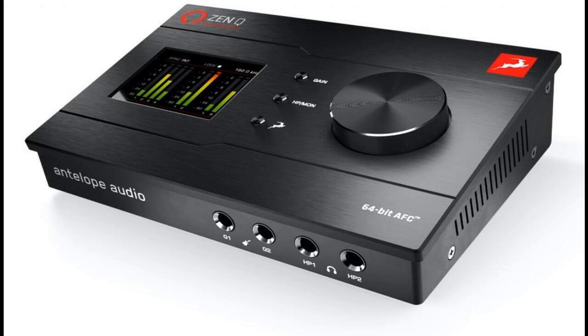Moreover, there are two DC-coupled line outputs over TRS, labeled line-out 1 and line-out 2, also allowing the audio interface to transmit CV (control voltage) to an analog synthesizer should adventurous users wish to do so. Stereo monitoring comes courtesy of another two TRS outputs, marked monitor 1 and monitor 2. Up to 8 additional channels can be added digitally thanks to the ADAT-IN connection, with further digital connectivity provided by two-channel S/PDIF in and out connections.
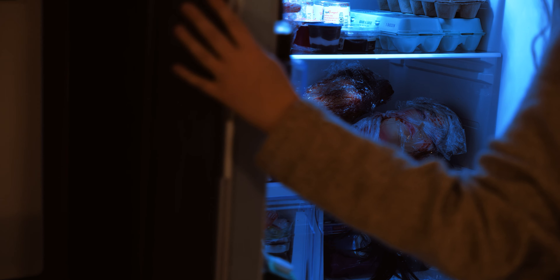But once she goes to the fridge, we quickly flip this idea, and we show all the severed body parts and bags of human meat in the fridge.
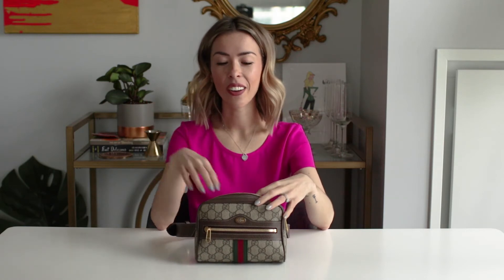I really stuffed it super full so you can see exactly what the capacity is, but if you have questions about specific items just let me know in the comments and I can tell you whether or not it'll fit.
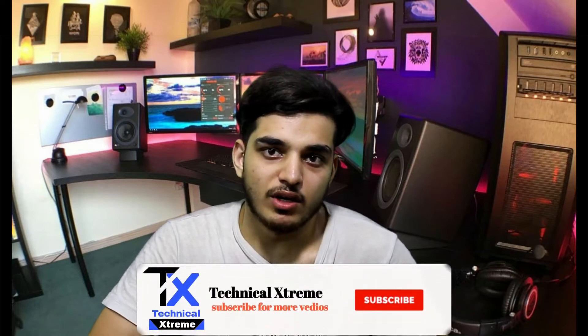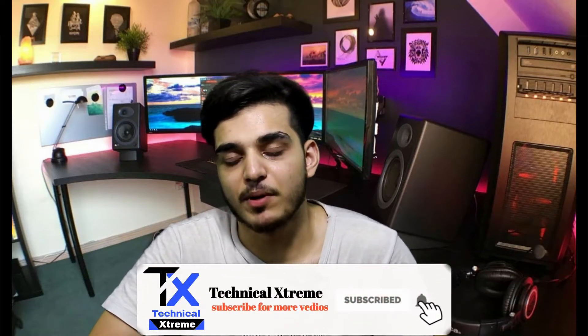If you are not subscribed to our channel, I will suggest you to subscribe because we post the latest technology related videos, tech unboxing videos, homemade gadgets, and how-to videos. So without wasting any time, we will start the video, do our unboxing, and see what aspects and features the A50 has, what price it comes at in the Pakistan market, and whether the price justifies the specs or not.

* * *

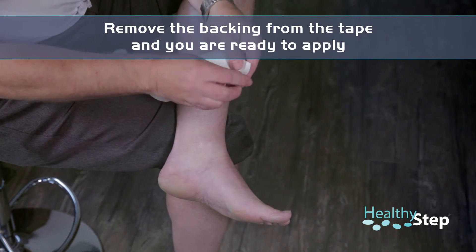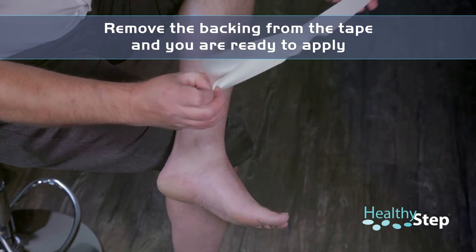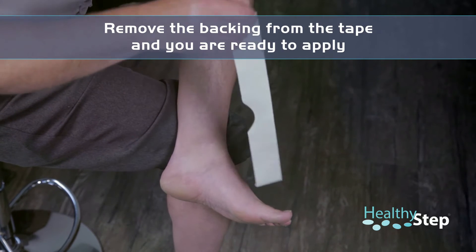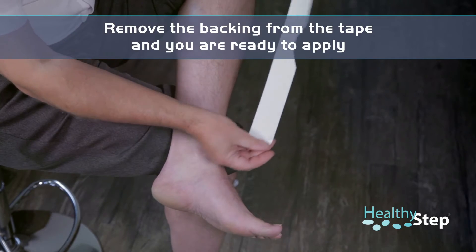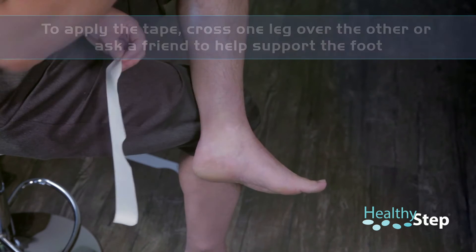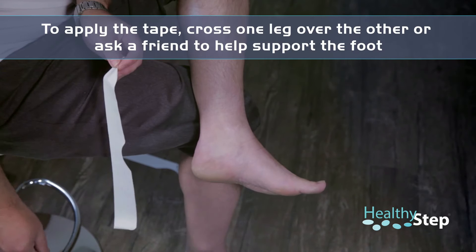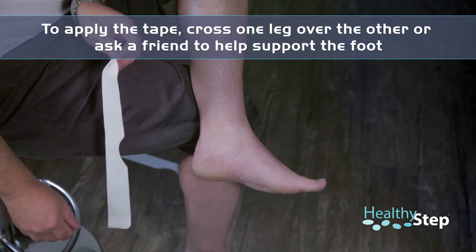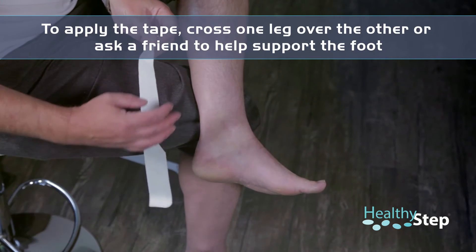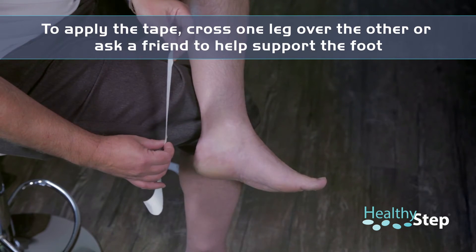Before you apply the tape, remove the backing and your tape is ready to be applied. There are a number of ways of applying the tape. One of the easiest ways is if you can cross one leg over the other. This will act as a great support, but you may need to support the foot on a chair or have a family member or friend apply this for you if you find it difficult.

Task:
Print nothing but the lines above starting with the line that contains "I really stuffed" and going on through the line that contains "If you are not". Leave out the pictures.

Response box:
I really stuffed it super full so you can see exactly what the capacity is, but if you have questions about specific items just let me know in the comments and I can tell you whether or not it'll fit.
If you are not subscribed to our channel, I will suggest you to subscribe because we post the latest technology related videos, tech unboxing videos, homemade gadgets, and how-to videos. So without wasting any time, we will start the video, do our unboxing, and see what aspects and features the A50 has, what price it comes at in the Pakistan market, and whether the price justifies the specs or not.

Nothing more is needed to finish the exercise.